20 January 2016

Part 2: The ‘four seasons’ of a clinical academic without borders

Franco Cappuccio, Professor of Cardiovascular Medicine & Epidemiology, continues his journey through the ‘four seasons’ of his career to date as a clinical academic which we hope will inspire and delight you and hopefully encourage some of you to follow suit in this challenging but fulfilling medical career path.

Part 2. The Season of Growth (1989-1999)

With Donald Singer and Graham MacGregor
at St. George's 
After a short spell of work back in Italy, in 1989 I accepted a five-year fixed term contract as a Clinical Lecturer in Medicine at St George’s Hospital Medical School in South London, where Graham MacGregor had moved as a Professor. I returned to my previous research group. I completed the training in General Internal Medicine (MRCP then FRCP), resumed clinical research, secured grant income, consolidated my publication record, and pursued my previous interests in epidemiology.


During the first part of this period, I published relentlessly and got myself involved in numerous clinical trials studying the mechanisms by which different drugs lower blood pressure in people with hypertension. I was rapidly absorbing a level of expertise in hypertension that later in  
my career would constitute an asset.


The passage to epidemiology and public health

Geoffrey Rose’s work on the principles of prevention has inspired generations of epidemiologists and clinicians worldwide, including me. His clear paradigm of Sick individuals and sick populations opened the vision of a physician like me (who had great expectations to make a difference) not to neglect the bigger picture of prevention: to amalgamate the dichotomy between ‘high-risk’ and ‘population’ strategies.

If we wish to find the causes of common diseases, we ought to study the determinants of the ‘normal’ levels of the risk factors as “the population mean predicts the number of deviant individuals. If we wish to find the causes of hypertension, obesity, alcoholism … then we need to study the determinants of average blood pressure, weight and alcohol intake …” (Br Med J 1990). When referring to the strategy of secondary prevention of cardiovascular disease, Jeremiah Stamler, another great cardiovascular epidemiologist of our time I had the pleasure to meet recurrently, used to say: “The strategy [of secondary prevention] is late, defensive, reactive, time consuming, associated with side effects, costly, only partially successful, and endless”.  These thoughts represented the most powerful encouragement of chronic disease prevention, through actions directed at avoiding the occurrence of the disease in the first place rather than focusing exclusively on the clinical approach of disease management.

Working at the LSHTM

I set off to pursue epidemiology by enrolling into a Master programme in Epidemiology and Public Health at the London School of Hygiene & Tropical Medicine where I completed an MSc and worked for a further three years.
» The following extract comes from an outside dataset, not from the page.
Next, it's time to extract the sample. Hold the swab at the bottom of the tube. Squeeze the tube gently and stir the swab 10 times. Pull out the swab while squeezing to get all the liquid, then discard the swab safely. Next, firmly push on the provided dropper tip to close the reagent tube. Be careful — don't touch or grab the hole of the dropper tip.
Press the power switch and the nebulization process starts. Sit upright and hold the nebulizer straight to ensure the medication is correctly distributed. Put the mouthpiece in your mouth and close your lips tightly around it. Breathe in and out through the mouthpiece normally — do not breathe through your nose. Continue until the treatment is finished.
My training peaked with the MFPH (then FFPH) and the participation at the Advanced Ten-Day Seminar in Cardiovascular Epidemiology held in Singapore in 1993.
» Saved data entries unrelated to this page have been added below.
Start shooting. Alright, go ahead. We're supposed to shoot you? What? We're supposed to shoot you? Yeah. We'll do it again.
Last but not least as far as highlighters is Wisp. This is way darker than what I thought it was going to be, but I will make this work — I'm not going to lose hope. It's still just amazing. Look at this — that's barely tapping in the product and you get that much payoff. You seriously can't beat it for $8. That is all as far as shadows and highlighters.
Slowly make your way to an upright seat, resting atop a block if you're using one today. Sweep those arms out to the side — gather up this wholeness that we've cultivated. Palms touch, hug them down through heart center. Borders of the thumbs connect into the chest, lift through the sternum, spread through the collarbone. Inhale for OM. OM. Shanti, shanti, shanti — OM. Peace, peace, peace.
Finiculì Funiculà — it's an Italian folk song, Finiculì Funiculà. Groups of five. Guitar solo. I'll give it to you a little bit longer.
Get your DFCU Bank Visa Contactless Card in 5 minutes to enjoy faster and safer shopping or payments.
The winning team with the officers of the RCGP

established a personal line of research by succeeding in fully funding a research programme known as The Wandsworth Heart & Stroke Study (WHSS). I returned to practice cardiovascular medicine at St George’s as a Senior Lecturer (then Reader), in a highly ethnically mixed area of South London. I began to question whether and why some risk factors appeared more often in some groups than others. I established a population-based survey of three ethnic groups in South London, and studied them in all possible aspects, including the establishment of a biological and genetic databank for future exploitation. The study was published widely and in high impact journals, its results influenced future directions in the diagnosis and management of CVD risk factors in ethnic minority groups and led to the 2002 RCGP and Boots The Chemists Research Paper of the Year Award (Royal College of General Practitioners). The Research Paper of the Year Award had been running since 1996. Its purpose was to raise the profile of research in general practice and to give recognition to an individual, or group of researchers, who had undertaken and published an exceptional piece of research relating to general practice. The paper demonstrated the difficulties of applying the Framingham risk assessment for ten-year coronary risk across different ethnic populations and indicated the need for further inclusions of estimates of risk based on ethnic background (precursor of the QRISK-2 Score).


Next time: The Season of Ripening. If you have any questions or comments for Professor Cappuccio please post below. 

Career learning points:

  • Pursue your ideas, if you believe in them. 
  • Work hard and value other people, colleagues, your team. 

What did my research show about salt?

  • Salt intake is a determinant of the rise in blood pressure with age. 
  • Reducing salt intake reduces blood pressure in a dose-dependent manner in everyone. 
  • Salt intake is too high in populations, and a reduction across the entire population would reduce high blood pressure and cardiovascular events.